An important step in addressing this issue is to stop attackers from reverse-engineering applications. Fortunately, there are a number of steps developers can take to keep their work from being tampered with, said Kevin McNamee, director and security architect at Kindsight Security Labs. For one, they can obfuscate the Java byte code to prevent attackers from figuring out what the code does.
"This also prevents attackers from easily modifying the code to build hijacked versions or inject malware into the application," he said. "[Android] developers can use ProGuard, which is a free obfuscator, or DexGuard, which has a license fee but is specifically designed for Android."
In addition, developers can distribute key aspects of the application as libraries to protect algorithms and other intellectual property and encrypt important configuration information to prevent tampering, he added.

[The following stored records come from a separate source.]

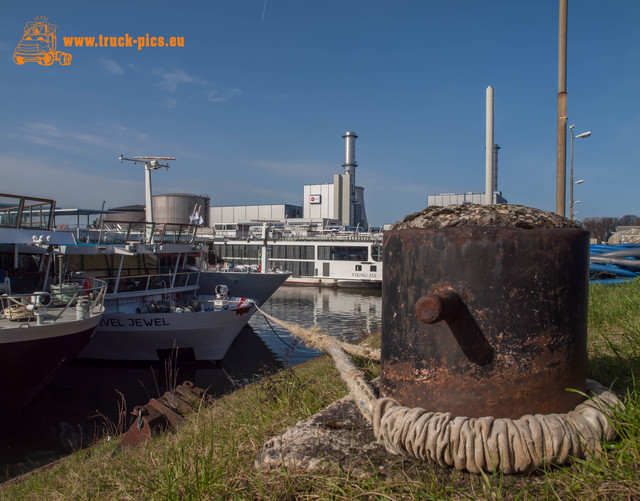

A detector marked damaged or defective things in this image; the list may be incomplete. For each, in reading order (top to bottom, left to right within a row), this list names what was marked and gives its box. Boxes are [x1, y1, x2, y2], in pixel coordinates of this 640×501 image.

rusted metal surface [119, 378, 211, 450]
rusty metal bollard [380, 203, 592, 418]
rusted metal surface [380, 227, 592, 418]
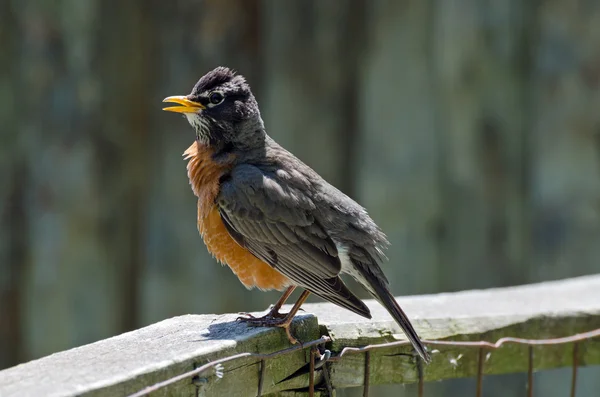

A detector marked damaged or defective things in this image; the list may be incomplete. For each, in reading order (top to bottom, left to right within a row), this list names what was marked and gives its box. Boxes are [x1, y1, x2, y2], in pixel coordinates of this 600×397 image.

rusty metal wire [126, 324, 600, 396]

Just as hackers analyze code for weaknesses, developers need to analyze code they are embedding into their application as they are accepting and passing through any risk in that code to end users, said Tyler Shields, senior security researcher at Veracode.
"Double and triple check your permissions," he said. Application developers use third parties’ libraries in code to speed up the creative process. Code reuse is not only common, but one of the main tenants of being an effective and efficient developer. However, there are problems that come with code reuse, including knowing exactly what the code you are reusing does."
In addition, Shields noted, third-party code can attempt to leverage any extraneous permissions that may have made its way into the application.
"Moral of the story: limit your permissions to only those required for the operation of your application and check the security of any piece of third party code that you embed into your application," he said.
Playing fast and loose with loopholes in their permission model can hurt developers in the long run, noted Domingo Guerra, president and co-founder of Appthority.
"Time and time again, we've seen apps that find a way to circumvent the permission model set forth by Apple or Google," he explained to SecurityWeek. "For example, apps are required to ask a user's permission before accessing their location if using the device GPS. However, some developers have found that if the device GPS isn't used, an app can still track location by using third-party APIs or GeoIP tracking without asking the user for permission. This is just bad form and bad practice, if you need user data, ask for it (and let your users decide). Your reputation as a developer is important."
But, according to Shields, one of the major mistakes developers often make isn't even technical.
"One of the biggest mistakes mobile application developers make is thinking they’re done learning after they graduate," he said. "Only a limited amount of time is spent educating developers on security-related subjects while in school, such as how to build security measures into their mobile applications…To counter this, I’d suggest developers participate in yearly security awareness sessions offered by top security companies or seek out additional security training at a local university."